It’s obvious that an iPhone, or other iOS device, is really just a small computer that you can hold in your hand and fit in your pocket. When you want to make changes to the way your iOS device behaves, you enter a world of many options, just as on a full-sized computer. The iOS Settings app – which stores settings for most, but not all apps – is a capharnaum which can confuse even the most battle-hardened iOS users.
When you enter the Settings app, you see top-level entries grouped by topic or theme. Scroll all the way down the list; it takes four screens to get there (on an iPhone or iPod touch), and there are 35 top-level entries, not counting the bottom section which has entries for third-party apps:
Some of the groupings are logical. The top section stores settings for the device’s communication features: Wi-Fi, Bluetooth, Carrier settings and more. The next section has settings for alert features, with Notification Center, Control Center and Do Not Disturb.
Then you get to the confusing General settings.

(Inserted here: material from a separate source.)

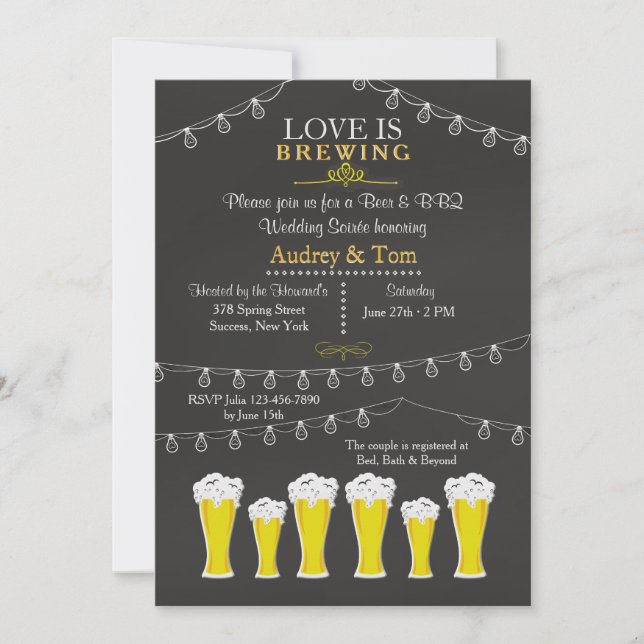 Something's Brewing Wedding Soirée Invitation (Front)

This has 18 entries, some of which govern device usage settings (Siri, Spotlight Search or Text Size), and others that govern security features (Auto-Lock, Passcode Lock and Restrictions). There are also settings like iTunes Wi-Fi Sync and VPN, which could be in other sections.
The grouping that features General also has Privacy; this is a security setting, and would make more sense being grouped in a Security top-level entry, with, say, Auto-Lock, Passcode Lock and Restrictions.
Then next section has settings that do fit together well: iCloud, Mail, Contacts, Calendars, Notes, etc. But Phone and Messages? Shouldn’t they be near the top with the other communication settings? Compass? Why is that next to Safari?
Move down a bit more, and you get to a logical grouping: media. This has entries for iTunes & App Store, Music, Videos, iBooks, Podcasts, etc.
Then comes a group with account settings: Twitter, Facebook, Flickr and Vimeo. Couldn’t they all be behind an Accounts entry at the top level?
Finally, below that section, you see entries for apps that are not part of iOS, or not Apple apps. But you can see at the top of my “other” section that AirPort Utility – an Apple app – shows up. Other non-bundled apps show up in other sections above – such as Podcasts and iBooks – so the Apple/not Apple distinction isn’t the only one. (Apple’s Trailers also shows up in that bottom section.)
There are literally hundreds of discrete settings behind those top-level entries. (I was going to count them for this article, but there are too many.) It’s very hard to find what you’re looking for in the Settings app, if you don’t know in which section a setting could be. Apple needs to take a feature from its OS X System Preferences app: have a search field at the top of the Settings screen where you can type a word that you’re looking for. The Settings app could narrow down its display so you can easily find the setting you want, or simply get to that setting more quickly.
What may be most confusing about the Settings app is the bottom section, for third-party apps. First, not many third-party apps put their settings here. Many of the apps I use have their own settings buttons and screens. This section is redundant, and Apple should probably deprecate its use. But for apps that do put settings there, many of them simply have things like Version and Acknowledgements (this is the case even for Apple’s AirPort Utility). I see no need to add yet another entry to the Settings app for information like that.
iOS devices are computers, and do have complex settings, but Apple needs to start helping users better access and understand these settings. A Spotlight-like search field in the Settings app would be a good place to start, and culling unneeded entries in the Settings app would also help. But perhaps the best idea would be to move all app-related settings to their specific apps. It makes more sense, when you’re in an app and looking to change settings, to do it from the app than to switch to the Settings app.